To his critics, it may seem a flagrant example of spin or a bizarre case of denial, but President Bush and his senior staff say he is having quite a successful final year in office. He has blocked Democratic attempts to slash funding for the Iraq war and has stopped what he considers unwise constraints on commanders in the field. He is headed for a victory on legislation to authorize eavesdropping on terrorism suspects. And he seems on the verge of getting a compromise on a housing bill to alleviate the problems of Americans who are having trouble making mortgage payments. "For the president to be this relevant this late is a pleasant surprise to us," says a senior White House official.
A big reason for Bush's continuing influence, the official argues, is that he proved he was willing to veto legislation he opposed even if it was popular, like the recent farm bill. Once he showed he was serious, Democrats backed off their plans to confront him rather than face a series of override votes they couldn't win. "It's a mistake to underestimate the institutional power of the presidency, and he has utilized that power intelligently," the senior adviser says.
There's another aspect of the White House's upbeat mood. When he travels around the country, Bush feels less "antipathy" than he used to in the crowds, along the motorcade routes, and expressed by the individuals who talk to him at his events. "He feels there has been a shift in attitudes out there that's not reflected in polling data," the aide says.
Democrats say Bush is living in a dream world if he fails to recognize how unpopular he is and how much he is dragging down his party and GOP presidential candidate John McCain.

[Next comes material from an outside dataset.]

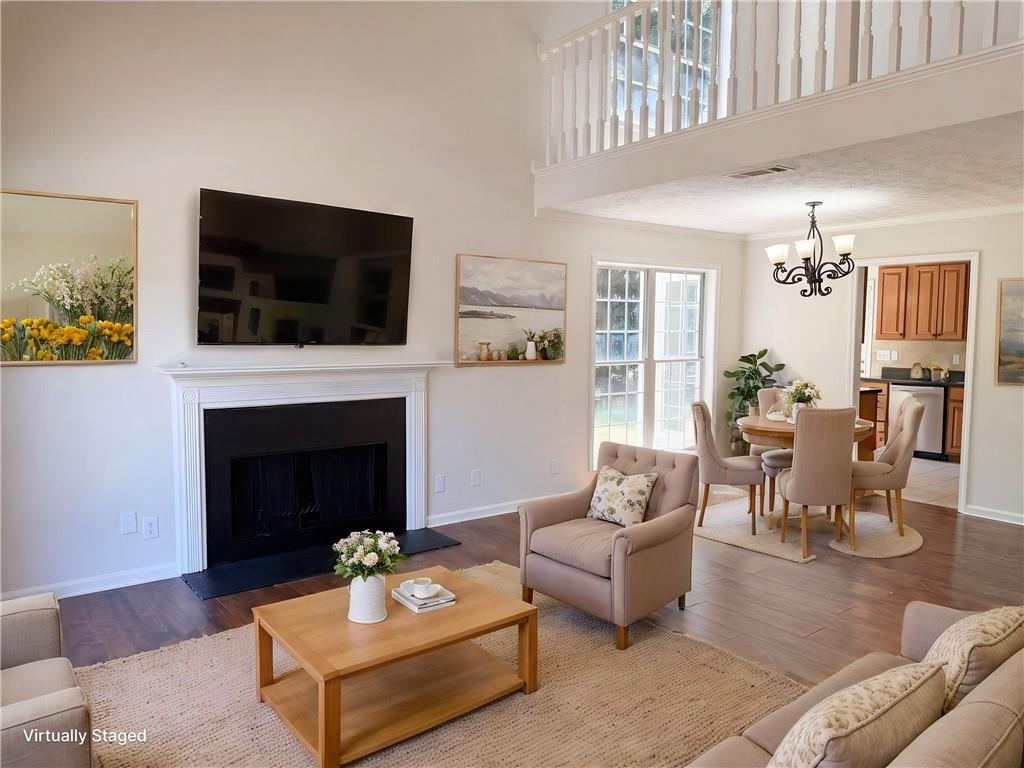 722 Ridgetop Road Bethlehem, GA 30620 - Photo 4 of 23 a living room with furniture fireplace and flat screen tv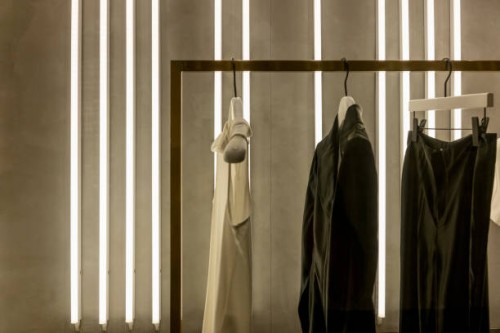 close-up of clothes hanging on window at store - fashion stock pictures, royalty-free photos & images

In fact, advisers to Barack Obama say Bush is a big reason why Obama's message of change resonates so widely and why the Democrats now lead the GOP in voter preference. "None of this is possible without George Bush," says Cornell Belcher, Obama's pollster.
Reinforcing his point, the latest AP-Ipsos poll, released in mid-June, found that only 29 percent of Americans approved of Bush's job performance, one of the lowest presidential ratings ever. White House officials, by the way, say they aren't sure such polls should be believed because the questions are biased and the population samples are flawed.